Only one stretch of the data should be retyped: the lines from the line containing "I hope this" through the line containing "Hi, this is". Keep pictures out of it.

┌──

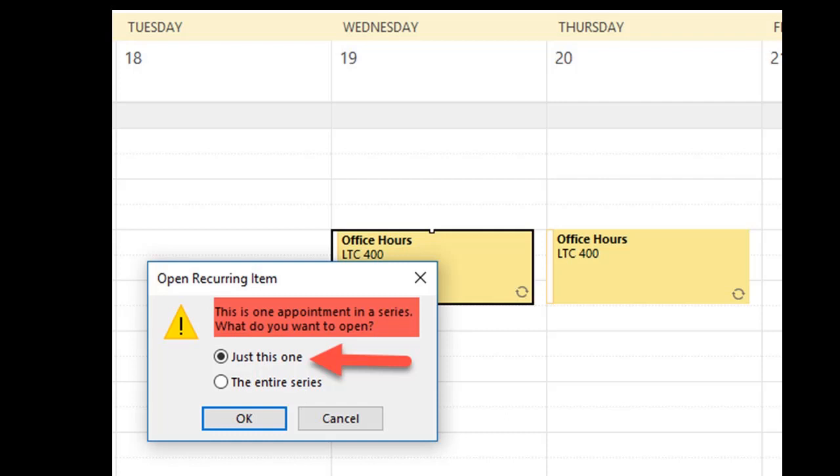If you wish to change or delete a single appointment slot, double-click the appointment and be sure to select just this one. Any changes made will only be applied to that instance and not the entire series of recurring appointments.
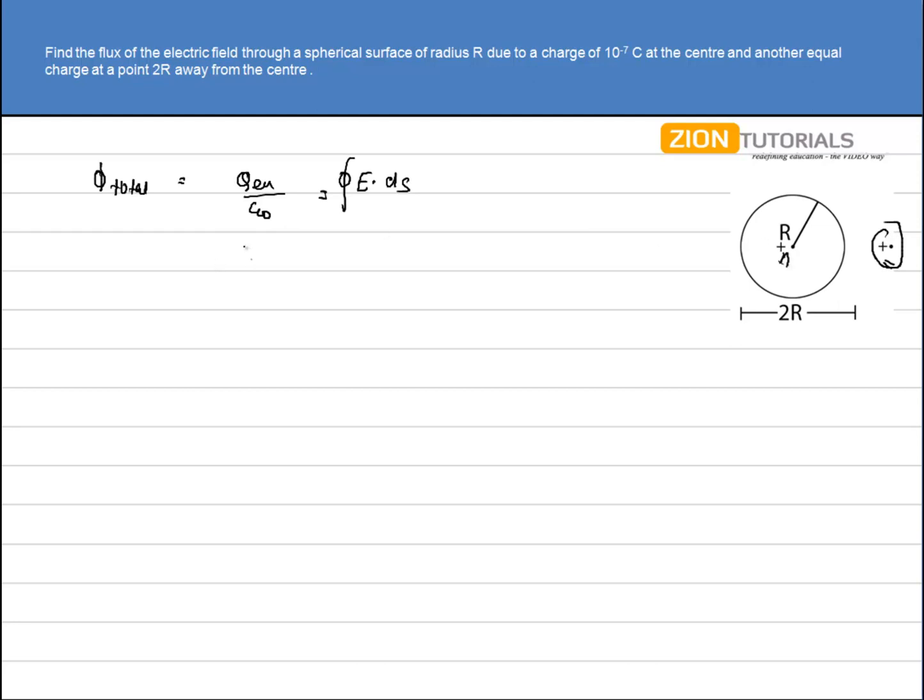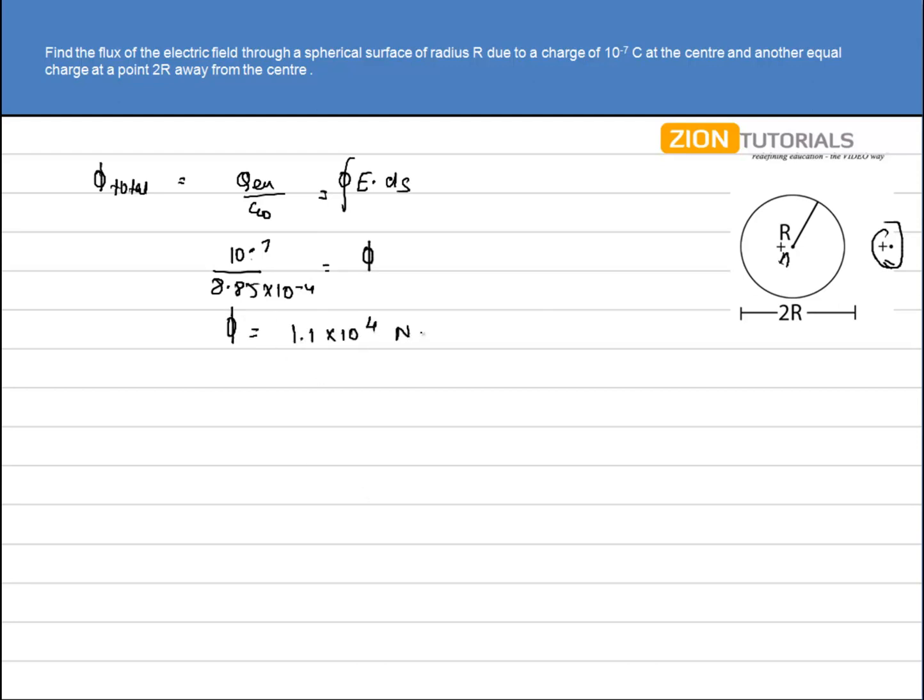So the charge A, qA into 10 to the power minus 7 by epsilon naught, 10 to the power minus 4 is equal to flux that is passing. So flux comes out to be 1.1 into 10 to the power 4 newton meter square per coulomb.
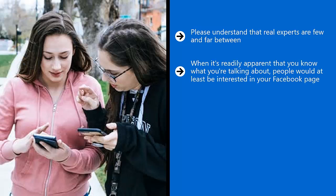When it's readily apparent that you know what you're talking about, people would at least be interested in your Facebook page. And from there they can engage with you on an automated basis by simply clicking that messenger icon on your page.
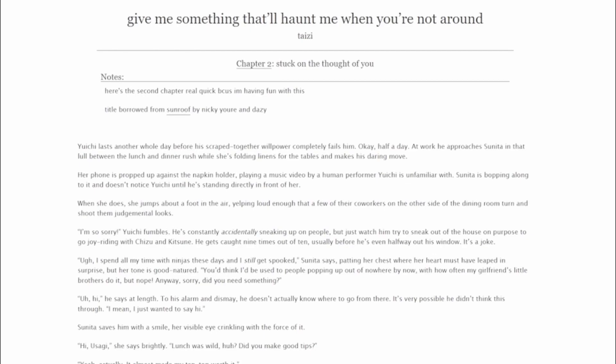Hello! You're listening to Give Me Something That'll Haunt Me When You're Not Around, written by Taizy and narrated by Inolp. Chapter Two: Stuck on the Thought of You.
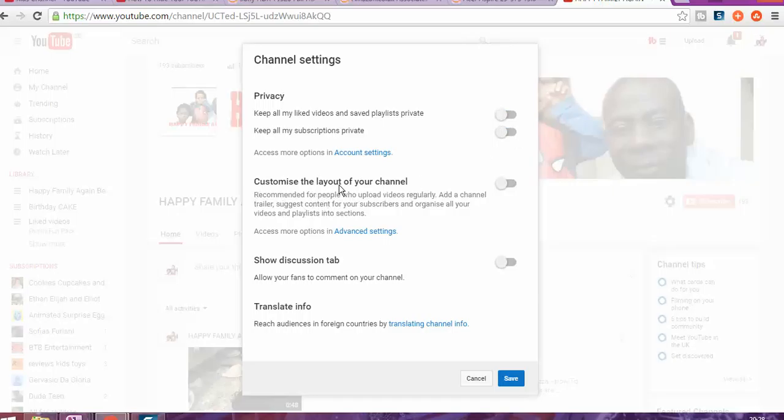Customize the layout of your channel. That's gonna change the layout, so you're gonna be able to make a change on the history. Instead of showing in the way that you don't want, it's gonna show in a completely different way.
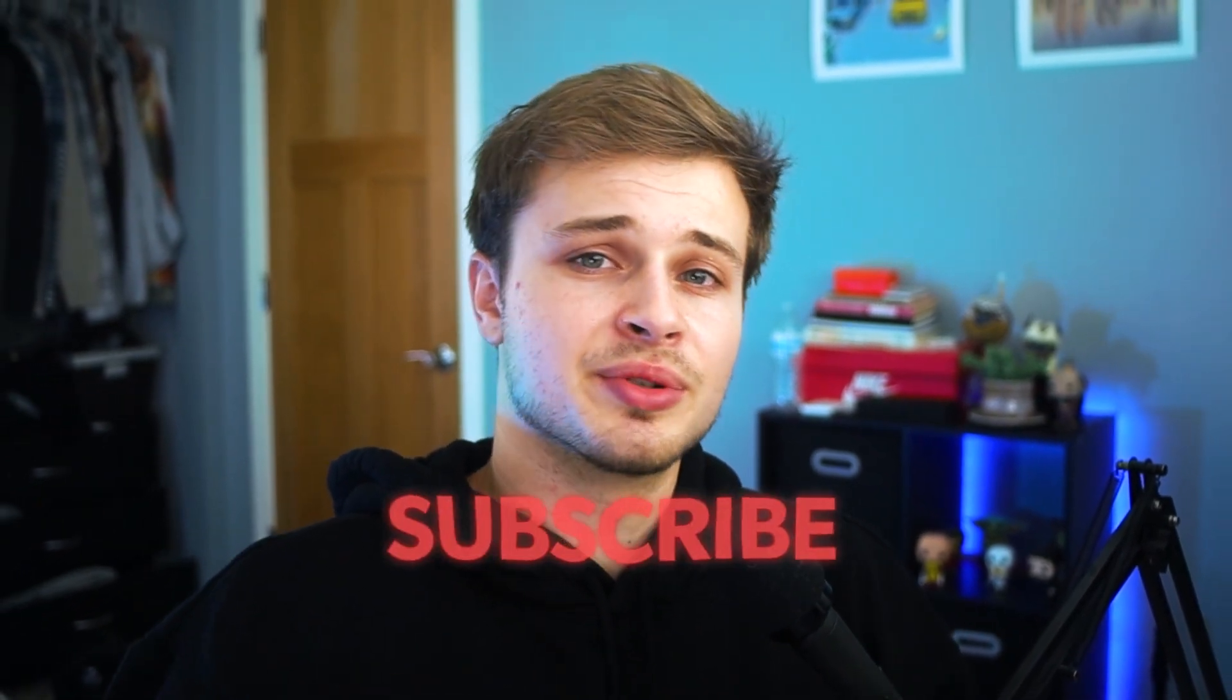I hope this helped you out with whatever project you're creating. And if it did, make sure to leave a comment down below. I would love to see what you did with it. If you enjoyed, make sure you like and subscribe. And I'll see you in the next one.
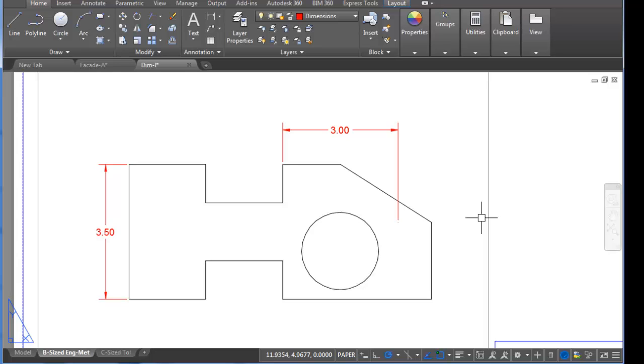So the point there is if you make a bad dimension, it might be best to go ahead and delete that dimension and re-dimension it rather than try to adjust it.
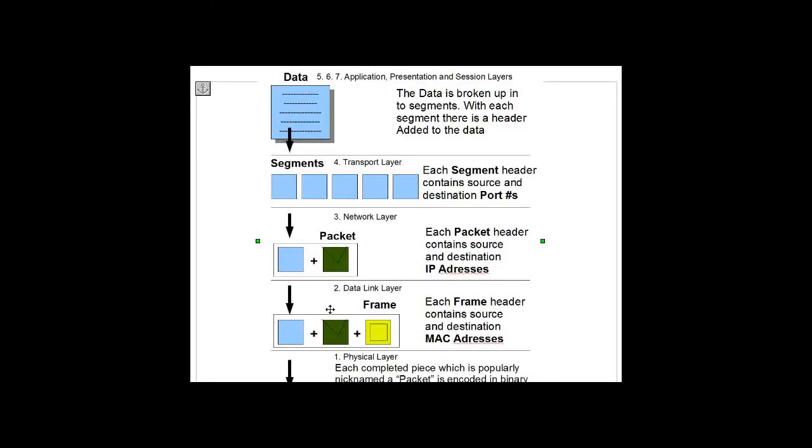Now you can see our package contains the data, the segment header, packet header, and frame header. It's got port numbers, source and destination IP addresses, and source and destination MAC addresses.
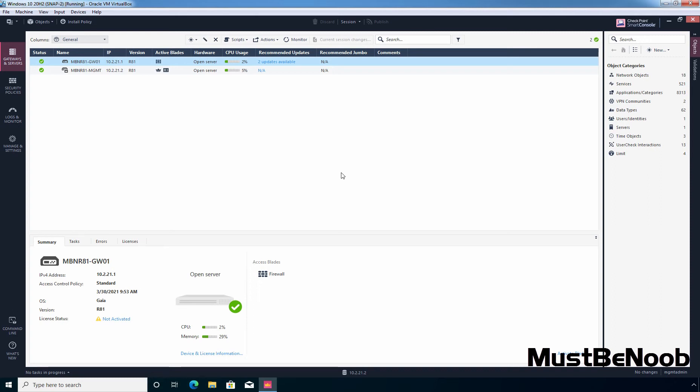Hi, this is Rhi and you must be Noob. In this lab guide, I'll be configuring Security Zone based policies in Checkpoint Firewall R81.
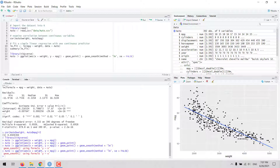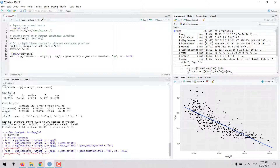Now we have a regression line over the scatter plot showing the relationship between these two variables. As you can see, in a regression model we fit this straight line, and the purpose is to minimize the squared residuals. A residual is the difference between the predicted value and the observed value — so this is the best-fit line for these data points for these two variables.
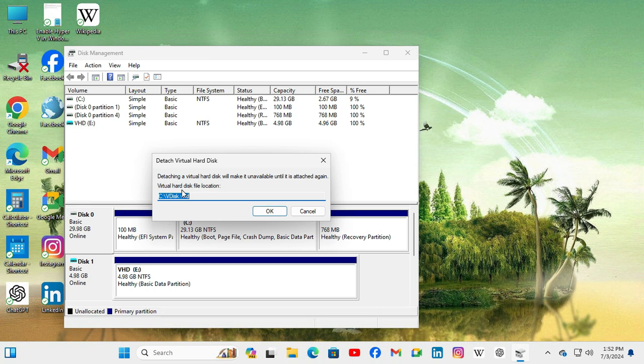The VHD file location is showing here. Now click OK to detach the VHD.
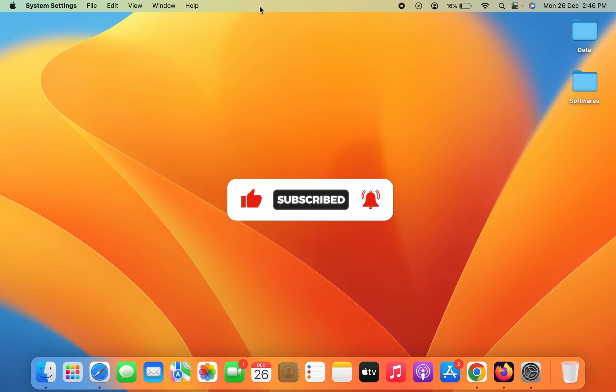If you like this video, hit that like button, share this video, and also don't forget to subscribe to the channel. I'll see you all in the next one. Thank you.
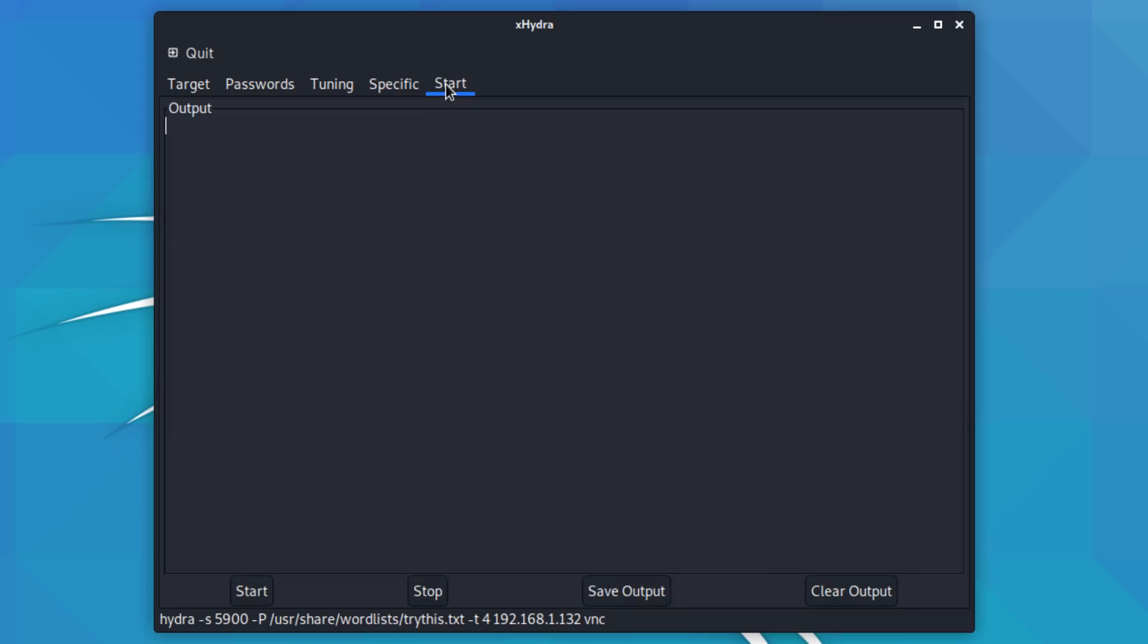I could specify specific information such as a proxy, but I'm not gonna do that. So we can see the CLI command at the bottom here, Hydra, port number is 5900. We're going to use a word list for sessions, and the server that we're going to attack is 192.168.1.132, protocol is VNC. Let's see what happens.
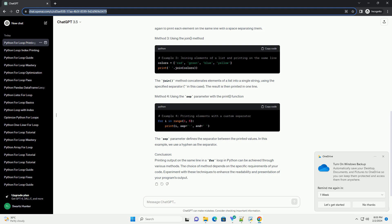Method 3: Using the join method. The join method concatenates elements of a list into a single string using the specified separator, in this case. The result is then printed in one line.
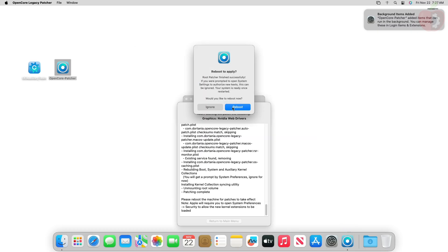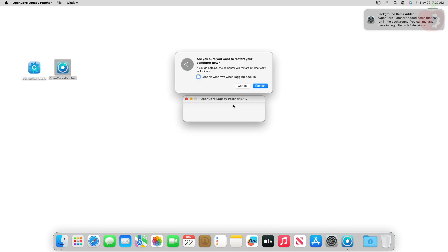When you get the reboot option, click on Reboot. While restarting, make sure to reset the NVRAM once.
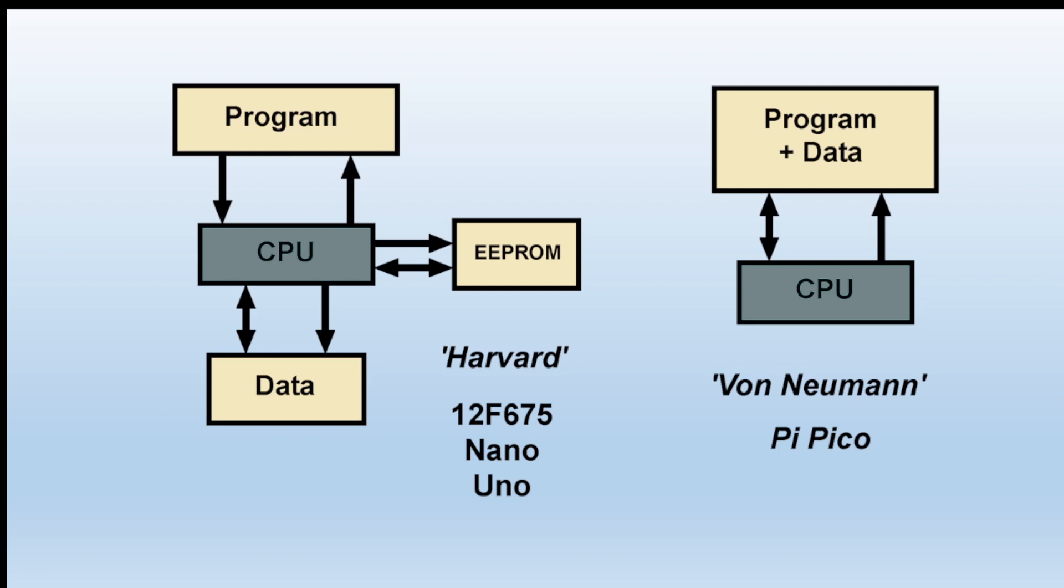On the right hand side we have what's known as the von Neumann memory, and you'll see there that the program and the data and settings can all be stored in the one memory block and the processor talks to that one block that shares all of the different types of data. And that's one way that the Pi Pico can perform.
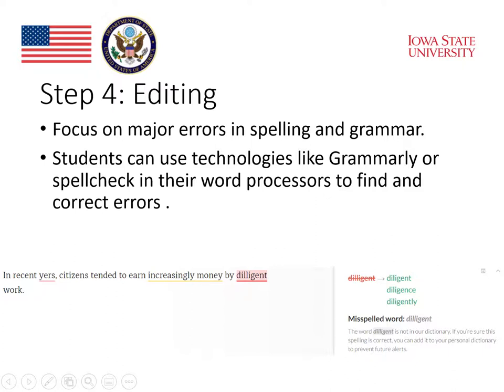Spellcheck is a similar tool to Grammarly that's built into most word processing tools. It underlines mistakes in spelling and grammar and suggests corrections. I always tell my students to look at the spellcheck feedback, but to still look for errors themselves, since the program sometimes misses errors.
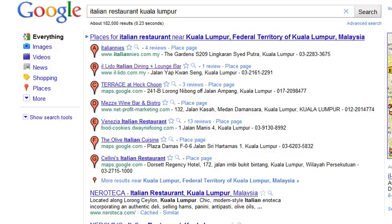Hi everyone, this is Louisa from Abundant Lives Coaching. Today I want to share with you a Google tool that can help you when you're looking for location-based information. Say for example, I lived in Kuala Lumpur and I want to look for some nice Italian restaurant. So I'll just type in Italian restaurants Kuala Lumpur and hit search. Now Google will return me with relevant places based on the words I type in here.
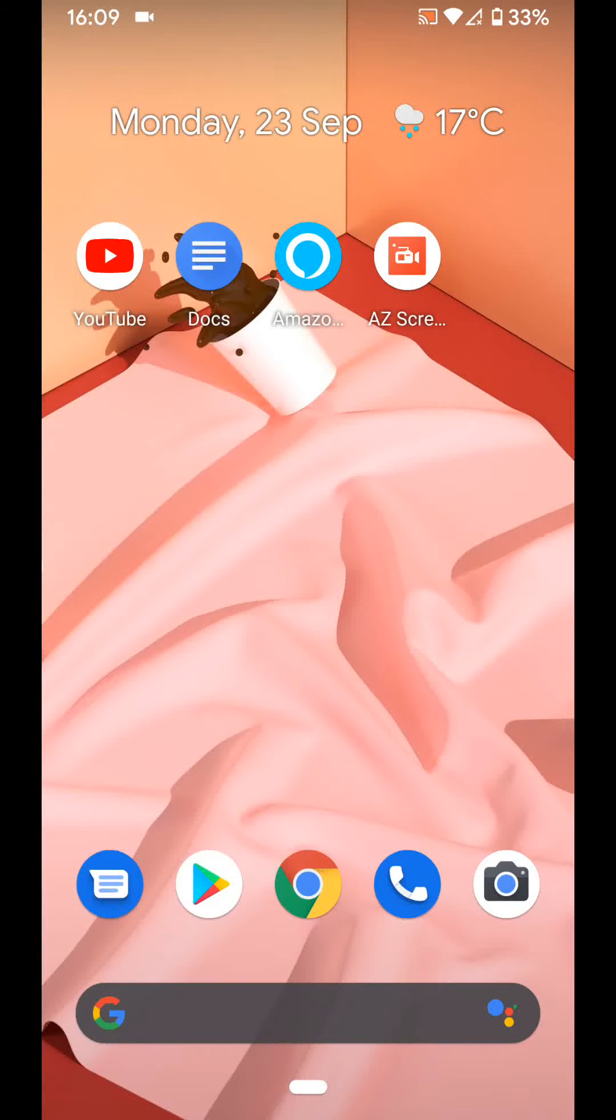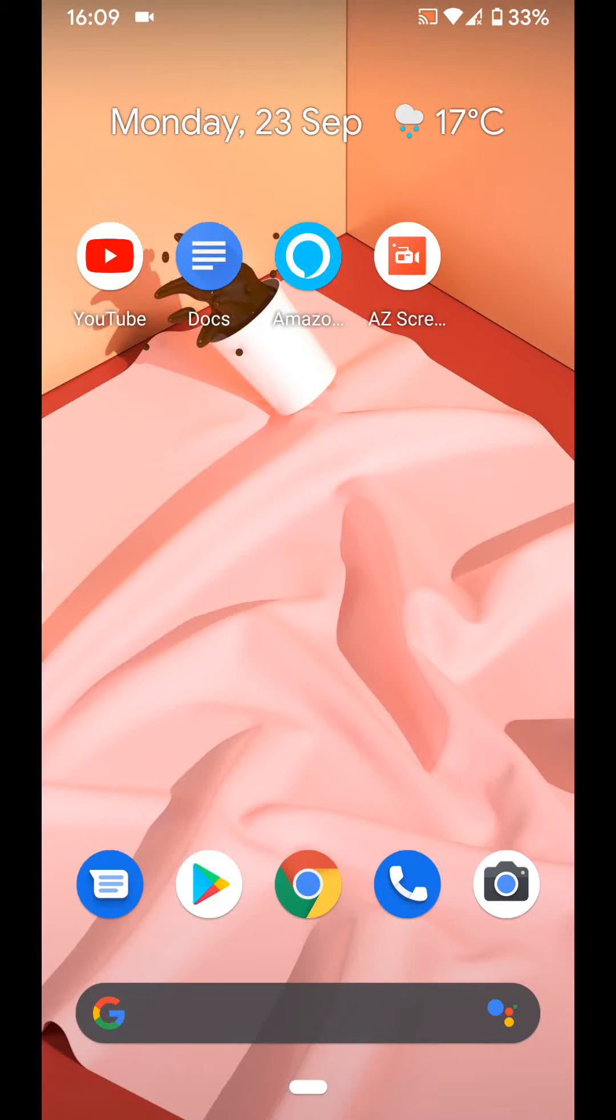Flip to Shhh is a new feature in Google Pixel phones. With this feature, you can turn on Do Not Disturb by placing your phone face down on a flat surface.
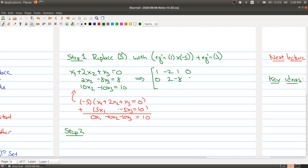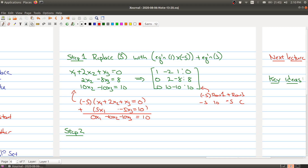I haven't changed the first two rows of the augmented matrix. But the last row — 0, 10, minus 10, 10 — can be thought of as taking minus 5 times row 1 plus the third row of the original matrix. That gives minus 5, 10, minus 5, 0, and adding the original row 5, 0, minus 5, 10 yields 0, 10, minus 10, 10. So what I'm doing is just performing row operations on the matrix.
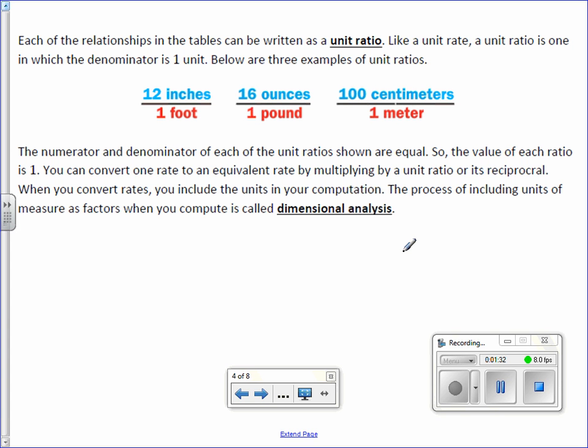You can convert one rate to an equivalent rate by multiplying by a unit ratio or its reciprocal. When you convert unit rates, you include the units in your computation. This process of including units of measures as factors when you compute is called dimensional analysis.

└──

* _Written solution_:
I hope this helped you out with whatever project you're creating. And if it did, make sure to leave a comment down below. I would love to see what you did with it. If you enjoyed, make sure you like and subscribe. And I'll see you in the next one.
So the point there is if you make a bad dimension, it might be best to go ahead and delete that dimension and re-dimension it rather than try to adjust it.
Now you can see our package contains the data, the segment header, packet header, and frame header. It's got port numbers, source and destination IP addresses, and source and destination MAC addresses.
Hi, this is Rhi and you must be Noob. In this lab guide, I'll be configuring Security Zone based policies in Checkpoint Firewall R81.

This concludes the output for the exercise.